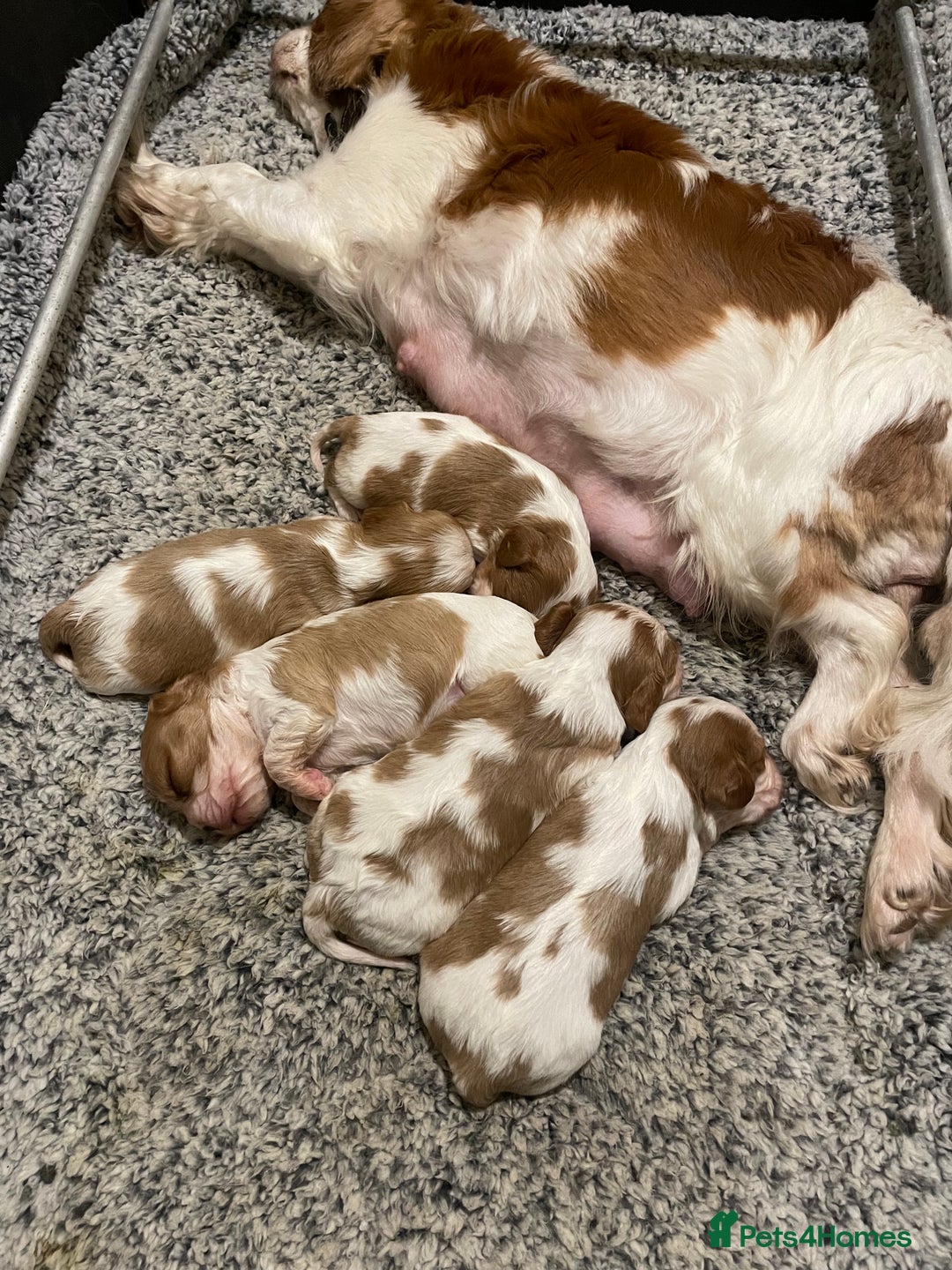 Cavalier King Charles Spaniel dogs for sale: Gorgeous Cavalier King Charles puppies - Image 5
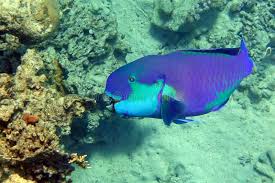 Image result for Chlorurus gibbus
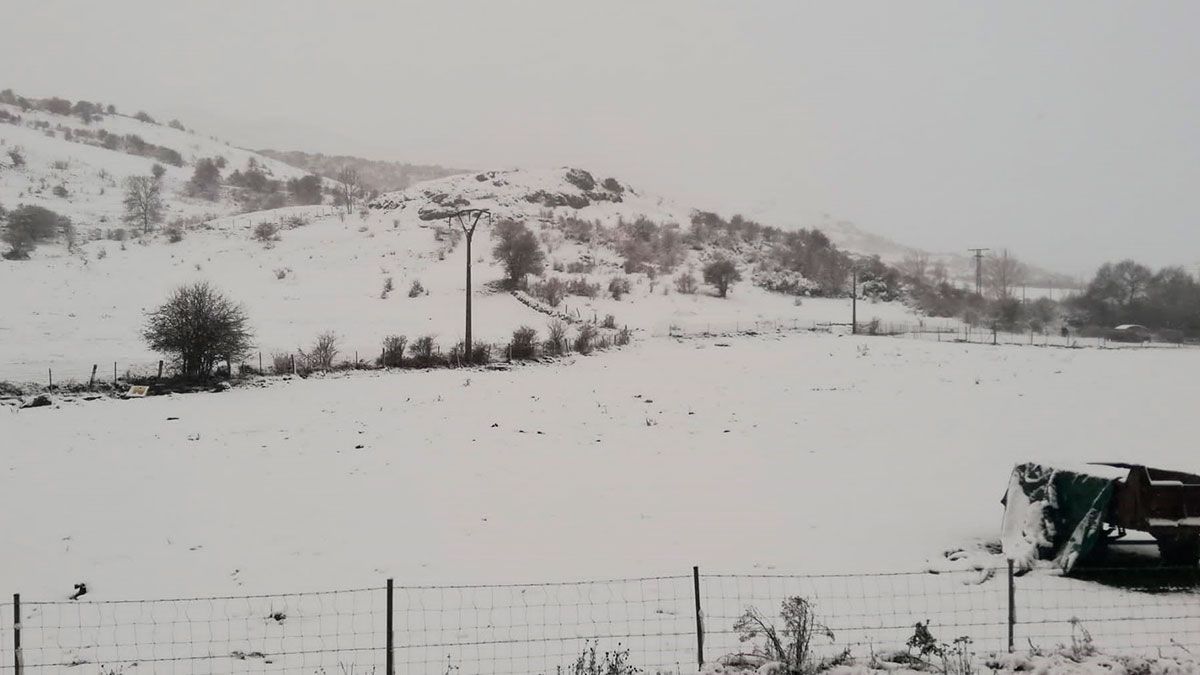 Así ha amanecido la provincia de León este viernes, concretamente Cármenes. | L.N.C.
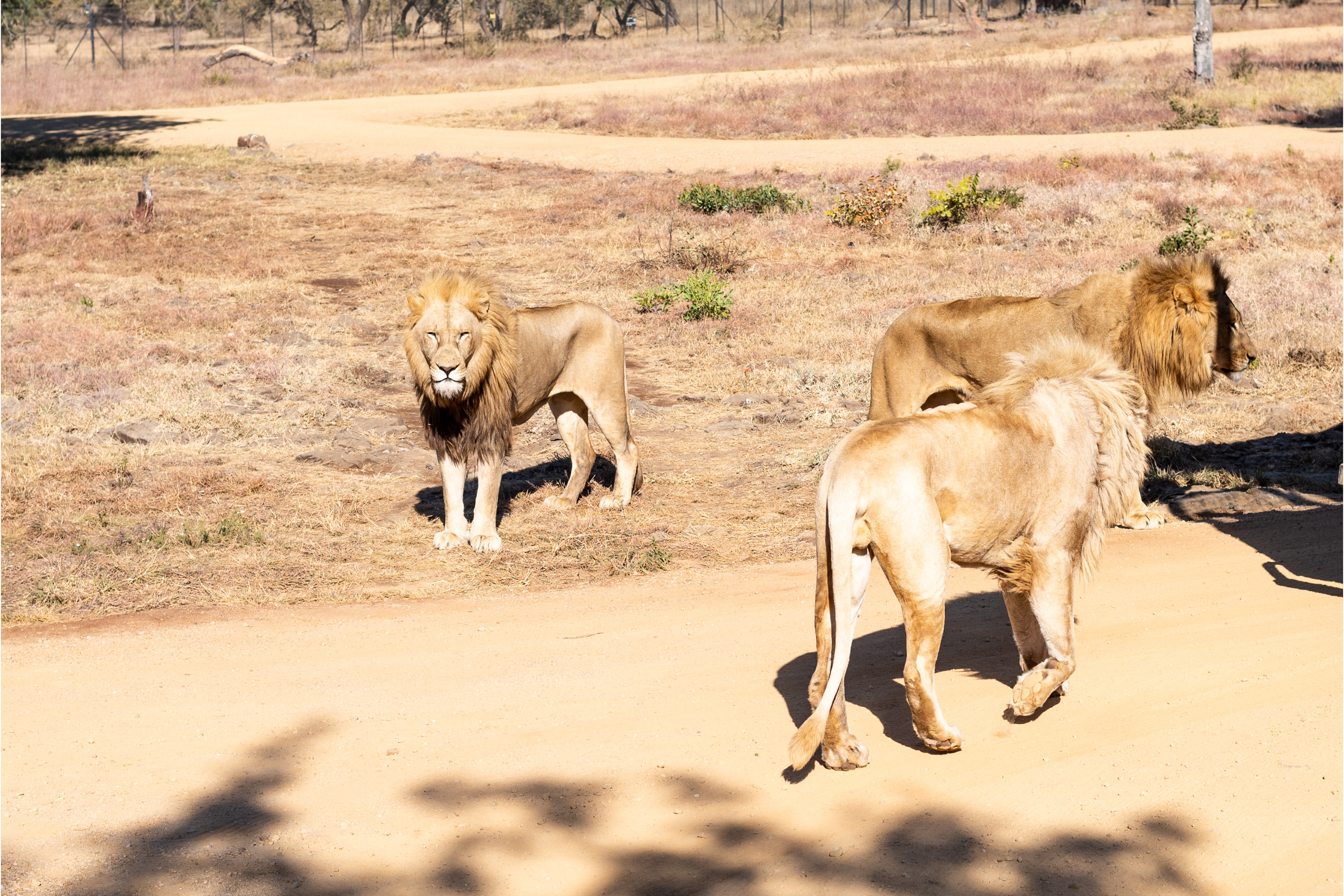 Lion Safari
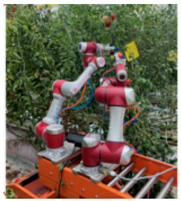 Agronomy 14 02209 i003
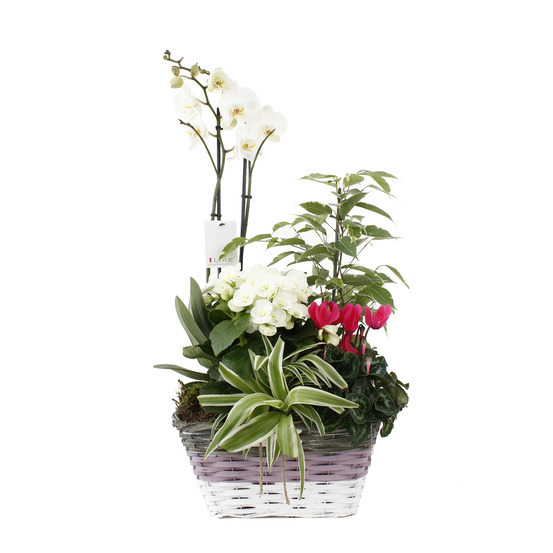 Composition Panier Fleuri : 5 plantes- Coloris variables (N7).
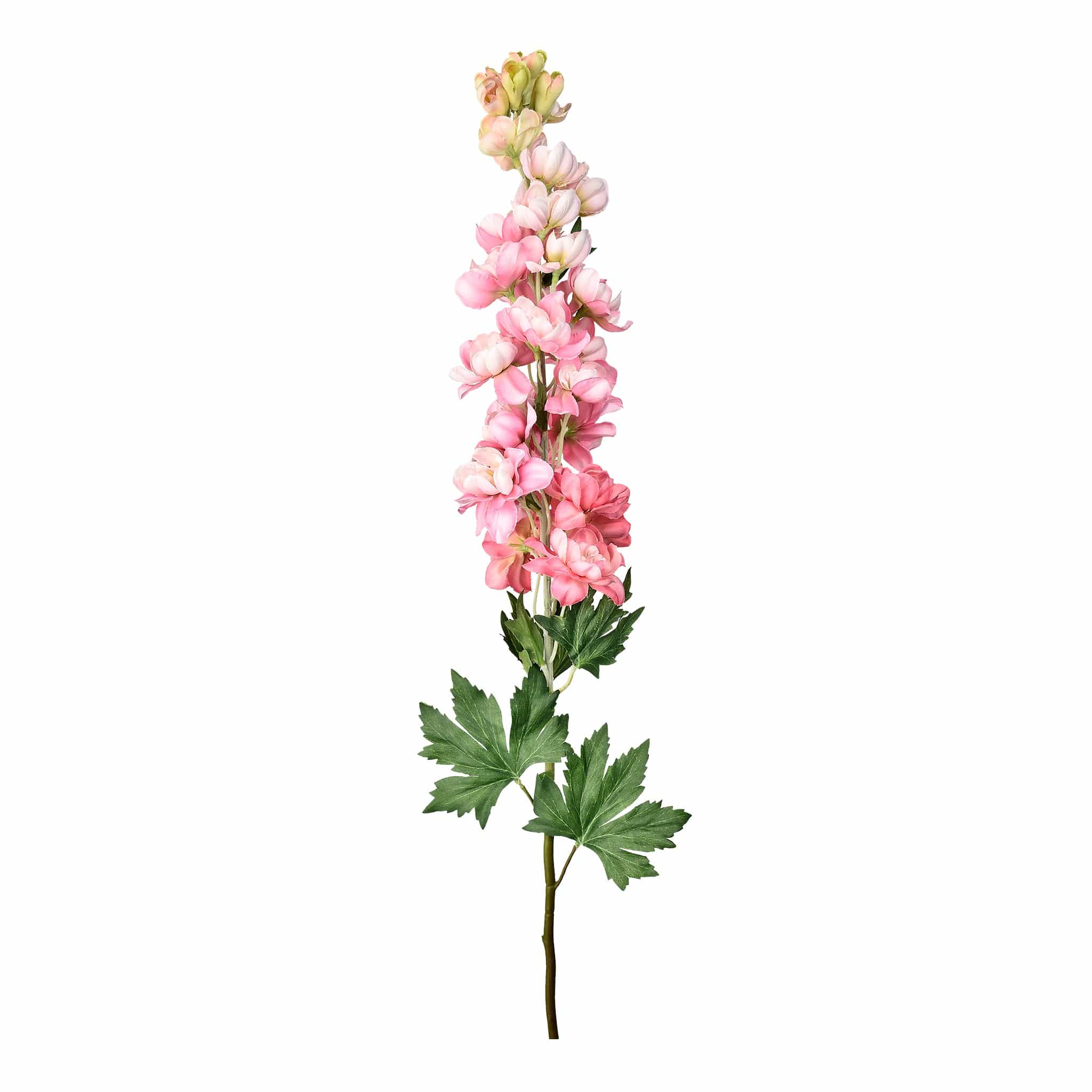 Delphinium - Image 4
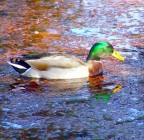 Fujifilm FinePix S5600
Lunghezza focale: 63mm
F: 3,2
T: 1/210 s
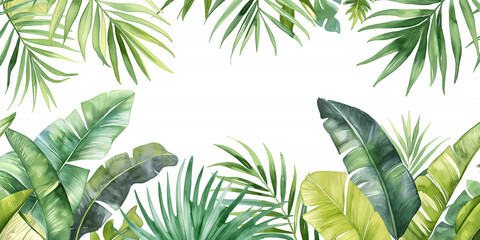 Close-up nature view of palm and monstera and fern leaves background. Lying down, gloomy nature concept, tropical leaves. leaf pattern wallpaper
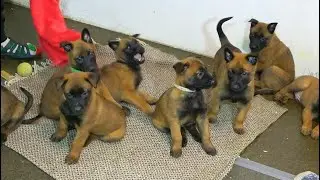 On sale puppies Malinua. Belgian shepherd. Odessa.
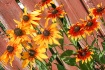 rudbeckia 1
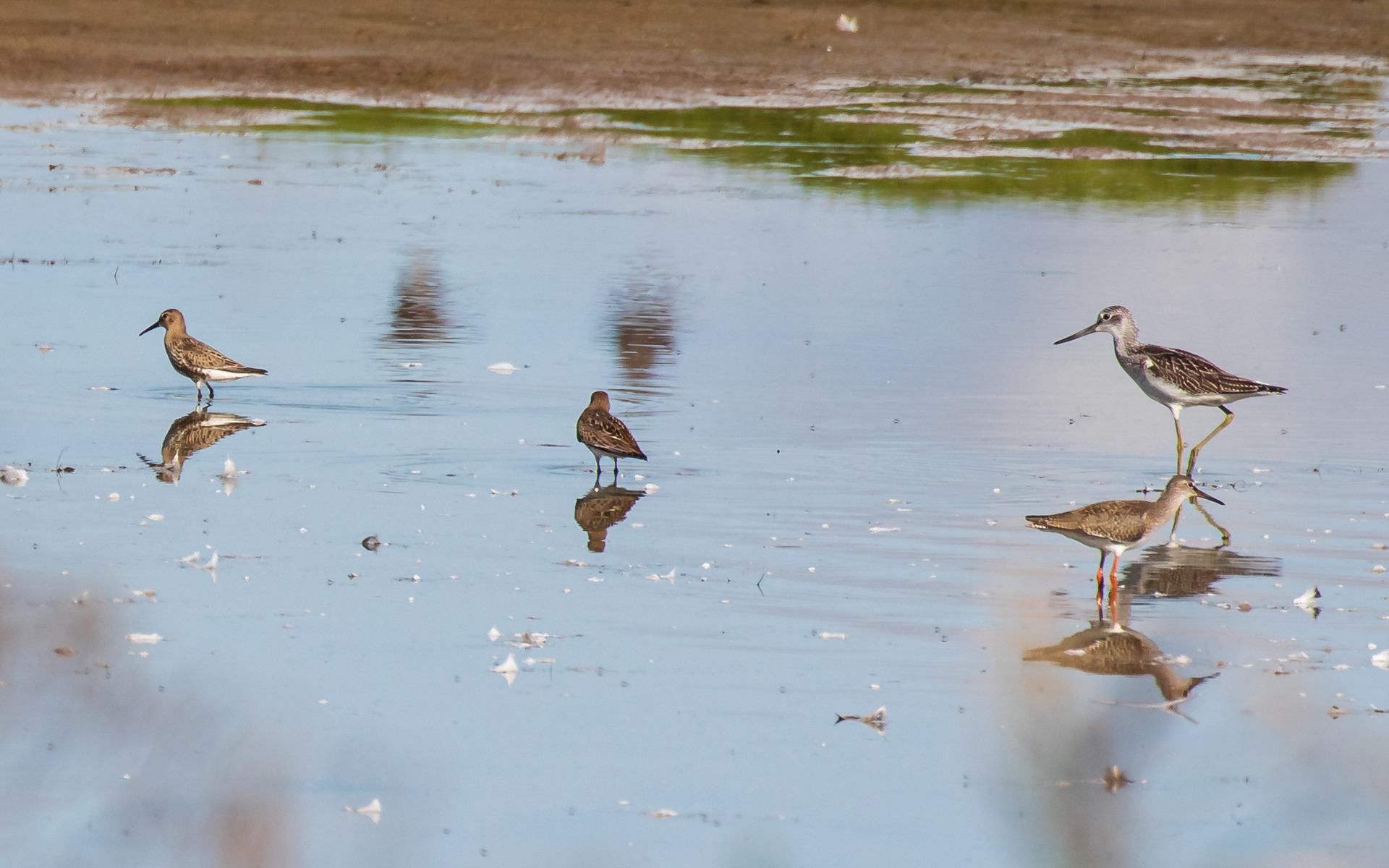 Hvidklire, rødben og et par ryler
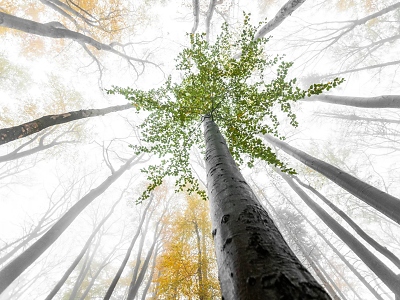 Pět let zápisu Jizerskohorských bučin do světového dědictví UNESCO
┄┄┄┄┄┄┄┄┄┄
WORK REQUEST:
The records above need retyping in full. Omit the pictures, and change nothing else.

RESPONSE AREA:
 Cavalier King Charles Spaniel dogs for sale: Gorgeous Cavalier King Charles puppies - Image 5
 Image result for Chlorurus gibbus
 Así ha amanecido la provincia de León este viernes, concretamente Cármenes. | L.N.C.
 Lion Safari
 Agronomy 14 02209 i003
 Composition Panier Fleuri : 5 plantes- Coloris variables (N7).
 Delphinium - Image 4
 Fujifilm FinePix S5600
Lunghezza focale: 63mm
F: 3,2
T: 1/210 s
 Close-up nature view of palm and monstera and fern leaves background. Lying down, gloomy nature concept, tropical leaves. leaf pattern wallpaper
 On sale puppies Malinua. Belgian shepherd. Odessa.
 rudbeckia 1
 Hvidklire, rødben og et par ryler
 Pět let zápisu Jizerskohorských bučin do světového dědictví UNESCO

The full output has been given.